Stars eliminate all of that. The payment happens natively. The user never leaves the chat. There is no redirect to an external checkout page, no card form, no 3D Secure challenge. The conversion funnel is as short as it gets: bot sends invoice, user taps “Pay,” done.
For bots serving Telegram-native audiences — people who already live inside the app — this is the lowest-friction payment method available. Users accumulate Stars from gifts, Premium subscriptions, and direct purchases. Spending them feels like spending in-app currency, not real money. That psychological distance works in your favor.
Setting Up Payment Capability
Stars payments require no special provider configuration in BotFather. Unlike traditional Telegram payments where you need to connect a payment provider token, Stars work out of the box with any bot.
The only requirement: your bot must be able to receive updates for pre_checkout_query and successful_payment. In grammY, that means registering handlers for both event types. If you are using webhooks, ensure your webhook URL is set and responding. If you are using long polling, ensure you are polling for pre_checkout_query updates.
In your grammY bot setup, make sure you are not filtering out these update types:
import { Bot } from "grammy";
const bot = new Bot(process.env.BOT_TOKEN);
// These handlers must exist before you send any invoices.
// Register them during bot initialization, not lazily.
bot.on("pre_checkout_query", async (ctx) => {
// We will fill this in below
});
bot.on("message:successful_payment", async (ctx) => {
// We will fill this in below
});
bot.start();
Creating Invoices
There are two ways to create a Stars invoice: sendInvoice for sending directly into a chat, and createInvoiceLink for generating a shareable payment link. Both accept the same core parameters.
sendInvoice
Use sendInvoice when the user is already in a conversation with your bot and you want to present the payment inline:
bot.command("buy", async (ctx) => {
await ctx.api.sendInvoice(
ctx.chat.id,
"OCR Scan Credit", // title
"One receipt scan using Claude Vision", // description
"ocr_credit_1", // payload — your internal reference
"XTR", // currency — always "XTR" for Stars
[{ label: "1 Scan Credit", amount: 5 }], // prices — 5 Stars
);
});
Key points about the parameters:
- Currency is always
"XTR"for Stars. This is not optional and not configurable. - Payload is a string you define. It comes back to you in the
pre_checkout_queryandsuccessful_paymentevents. Use it to identify what the user is buying. Maximum 128 bytes. - Prices is an array, but for Stars it should contain a single item. The
amountis in Stars (not cents, not subunits — just Stars). - Provider token is not needed. Do not pass a
provider_tokenparameter. Stars invoices must omit it or pass an empty string.
createInvoiceLink
Use createInvoiceLink when you need a URL that can be shared, embedded in an inline keyboard, or sent outside of the bot context:
const link = await bot.api.createInvoiceLink(
"Pro Feature Pack",
"Unlock all premium features for this bot",
"pro_pack_v1",
"XTR",
[{ label: "Pro Pack", amount: 50 }],
);
// Use the link in an inline keyboard
await ctx.reply("Upgrade to Pro:", {
reply_markup: {
inline_keyboard: [[
{ text: "50 Stars — Unlock Pro", url: link },
]],
},
});
Invoice links are reusable. Multiple users can pay through the same link. Each payment generates its own pre_checkout_query and successful_payment event with a unique telegram_payment_charge_id.

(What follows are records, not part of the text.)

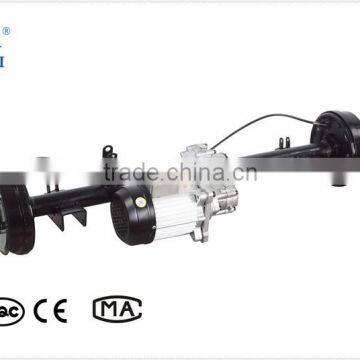 60V 3KW DC Brushless Motor With Rear Axle Oil Brake High Power Motor for Passenger/golf Cart/car Quality Choice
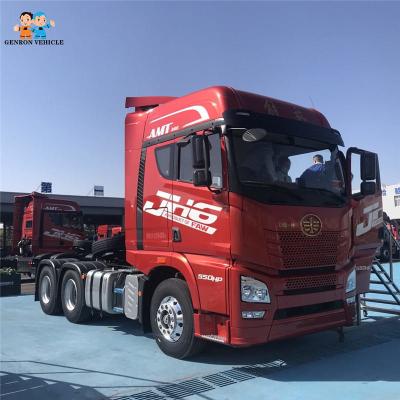 中国 6*4 10は420HP FAW J6のトラックの中国のブランド120km/hを動かす 販売のため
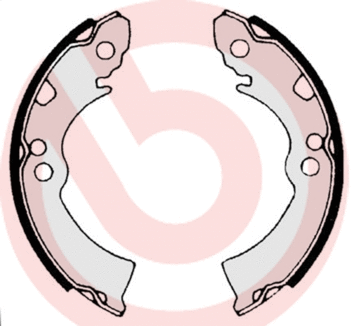 Brake Shoe Set (S 56 503)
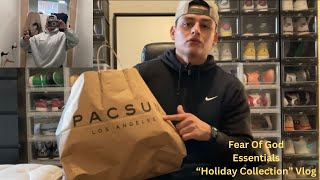 ¿Regresaron los diseños OG? Fear of God Essentials Holiday Collection... Mall Vlog...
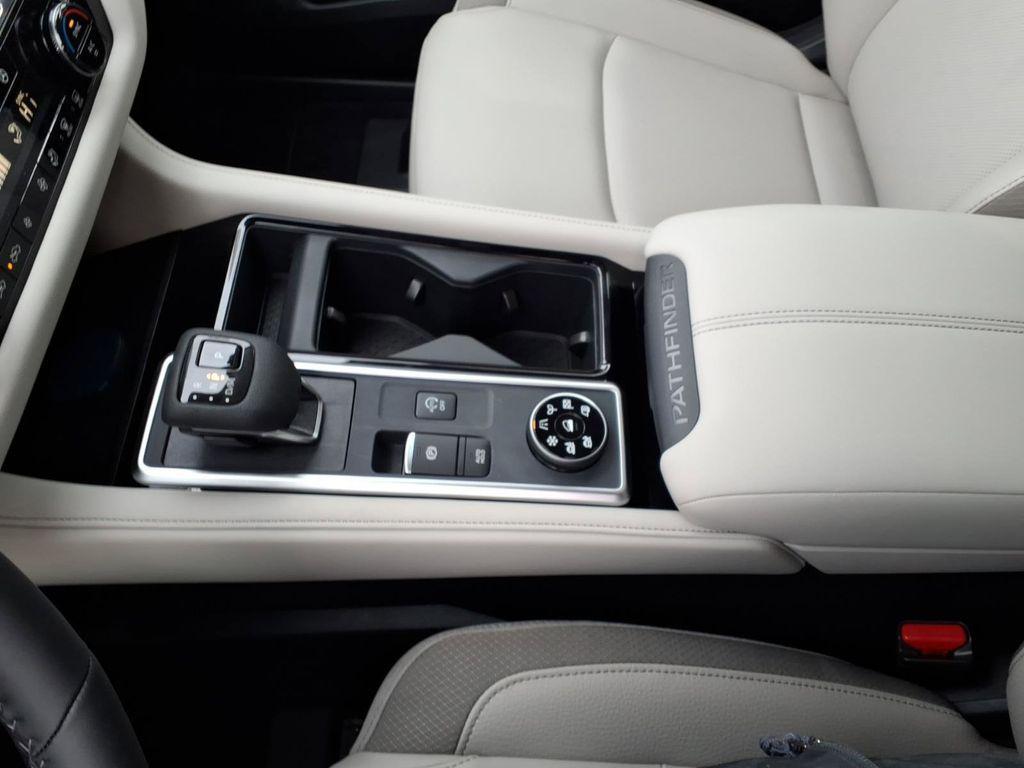 new 2026 Nissan Pathfinder car, priced at $42,724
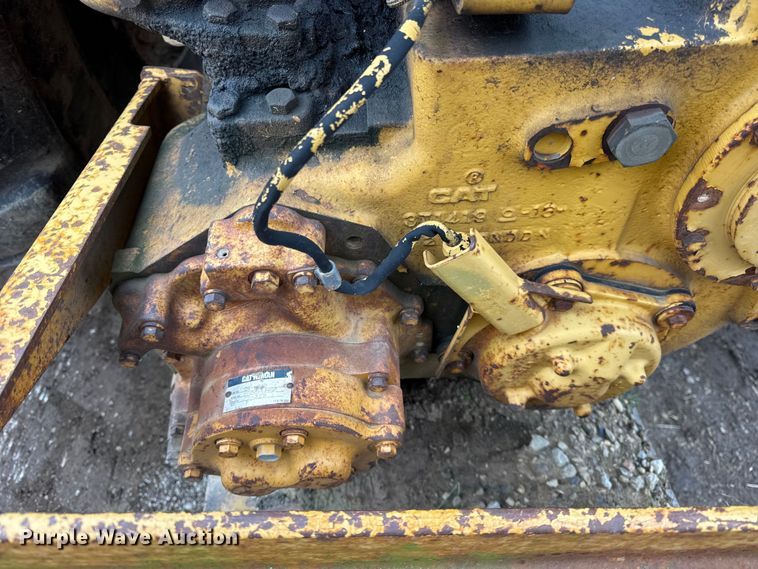 image for item EF2268 1991 Caterpillar 627E scraper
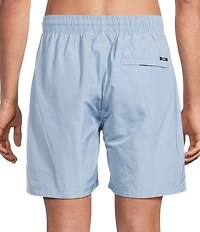 AKOO Snobby Adjustable Elastic Waist Standard Fit Shorts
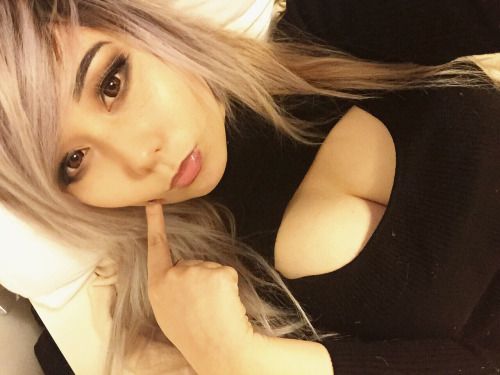 meloetta:

guess who really needed a nap last night
 Bigboobs,...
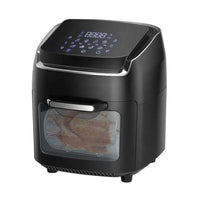 HKM-515603 12L Air Fryer Toaster Oven with Viewing Window for Versatile Cooking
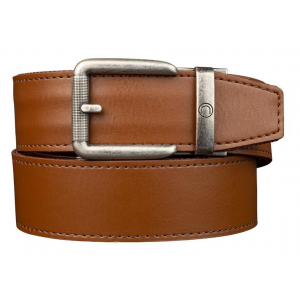 Nexbelt Rogue EDC Gun Belt 1-1/2" Leather Walnut - Nexbelt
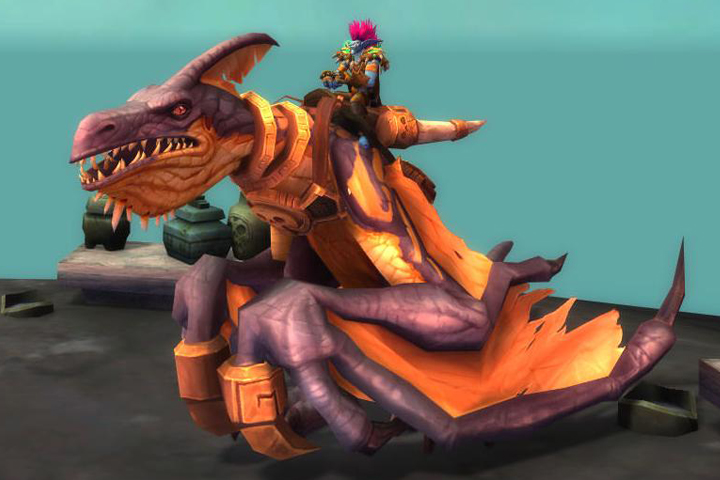 WoW : Obtenir le Harnais de Kua'fon, nouvelle monture volante de BfA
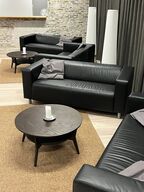 2 stk. Lohals fladvævet tæpper 1,3 x 2 meter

Handling pre_checkout_query
When a user taps “Pay” on your invoice, Telegram sends a pre_checkout_query to your bot. You must answer it within 10 seconds. If you do not respond, or respond after the deadline, the payment is cancelled automatically.

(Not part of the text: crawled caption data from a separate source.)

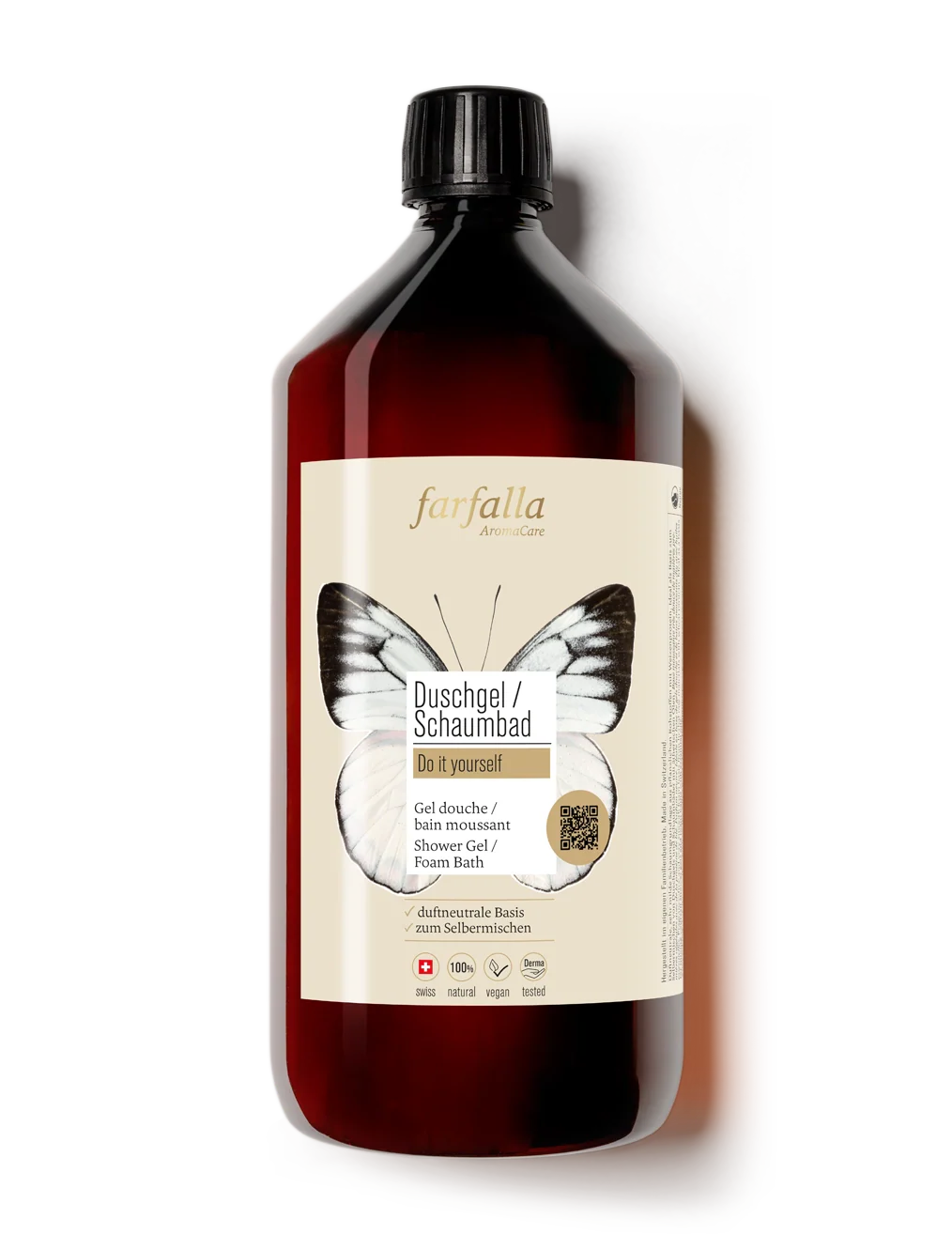 AromaCare Do it yourself Duschgel / Schaumbad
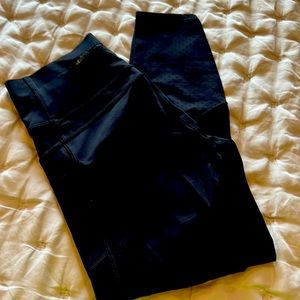 Lululemon running tights.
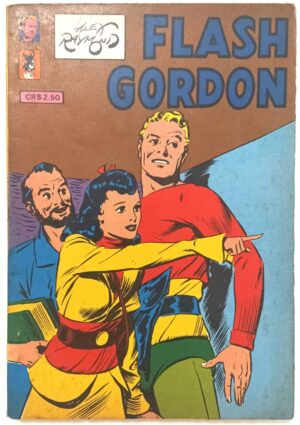 Flash Gordon nº 8, Paladino/1972. HQ/Gibi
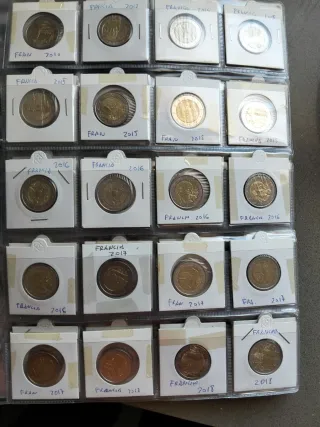 Colección de monedas de Andorra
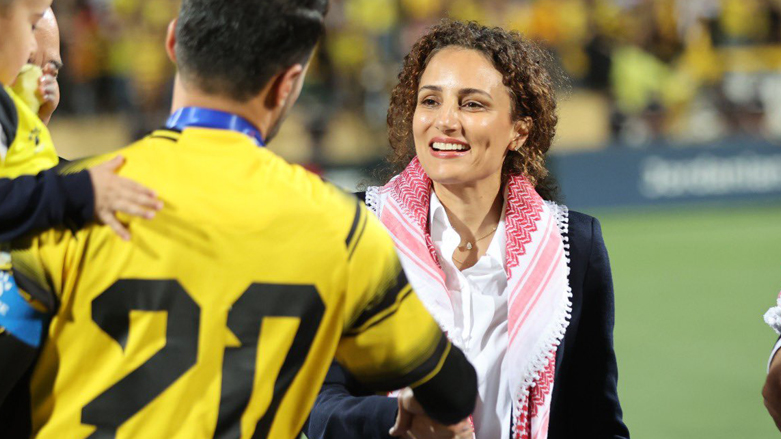 سەمار نەسار سەرۆکی فێدراسیۆنی تۆپی پێی ئوردن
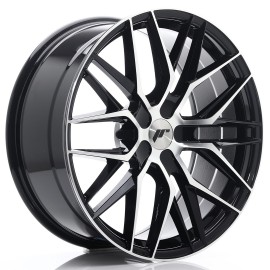 JR Wheels JR28 20x8,5 ET40 5x114,3 Gloss Black Machined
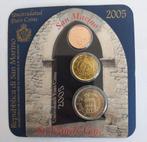 San Marino miniset 2005, Ophalen of Verzenden, San Marino, Overige waardes, Setje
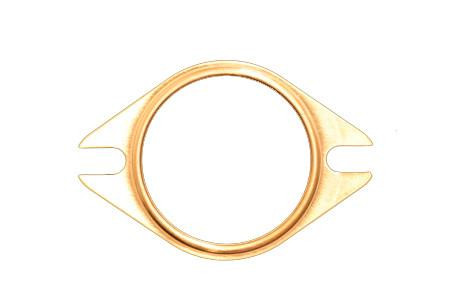 SCE GASKETS 2-Bolt Copper Collecter Gasket 2.500 Dia. 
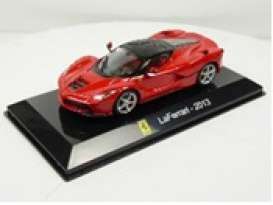 Ferrari  - Laferrari 2013 red - 1:43 - Magazine Models - magSCLaferrari | Toms Modelautos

This is your last chance to validate the purchase before money moves. Check inventory, verify the user is eligible, confirm the price has not changed:
bot.on("pre_checkout_query", async (ctx) => {
const query = ctx.preCheckoutQuery;
const payload = query.invoice_payload;
const userId = query.from.id;
// Validate: does this product still exist at this price?
const product = await getProduct(payload);
if (!product) {
await ctx.answerPreCheckoutQuery(false, {
error_message: "This item is no longer available.",
});
return;
}
// Validate: has the user already purchased this?

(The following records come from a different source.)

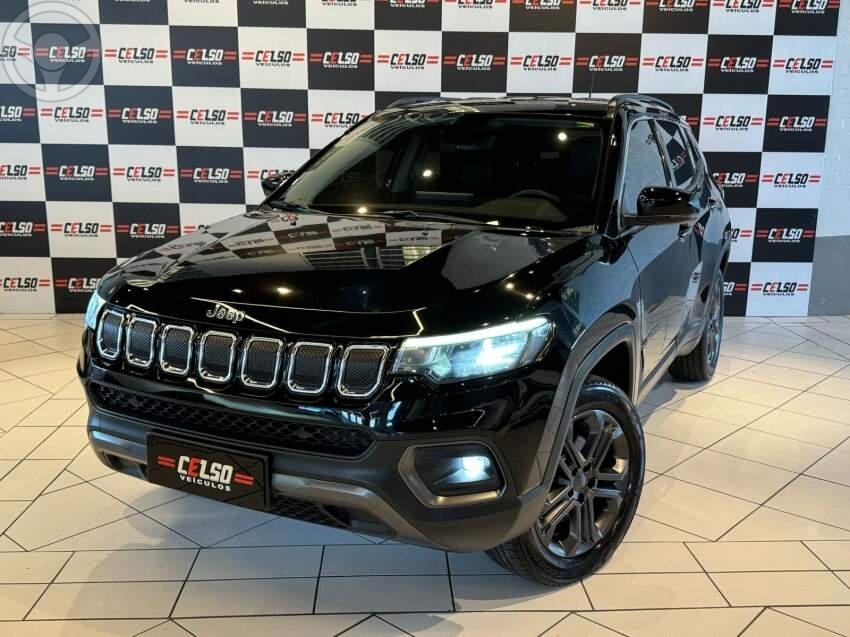 COMPASS 2.0 16V DIESEL LONGITUDE 4X4 AUTOMÁTICO - 2022 - DOIS IRMãOS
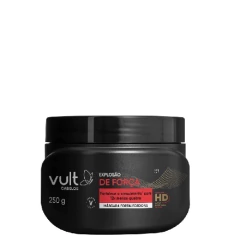 Vult Mascara Fortalecedora Cabelos Explosão de Força 250g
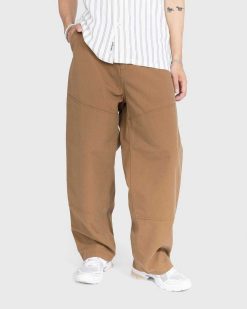 Carhartt WIP Pantalon A Panneaux Larges Rince Hamilton Brown | Pantalon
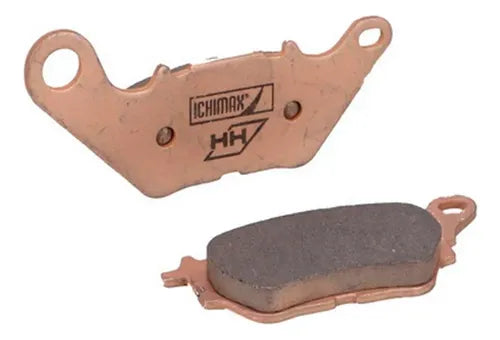 Pastillas de Freno Traseras Sinterizadas ICHIMAX MBP662HH para Yamaha YZF-R3 / MT-03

const alreadyOwned = await checkOwnership(userId, payload);
if (alreadyOwned) {
await ctx.answerPreCheckoutQuery(false, {
error_message: "You already own this item.",
});
return;
}
// All good — approve the payment
await ctx.answerPreCheckoutQuery(true);
});
The 10-second deadline is strict. Do not make slow external API calls inside this handler. If you need to validate against a remote service, keep that service fast or pre-validate when the invoice is created. A database lookup is fine. A call to a third-party API with variable latency is risky.
If you approve the pre-checkout query, the payment proceeds. If you reject it, the user sees your error_message and can try again. Keep error messages short and actionable.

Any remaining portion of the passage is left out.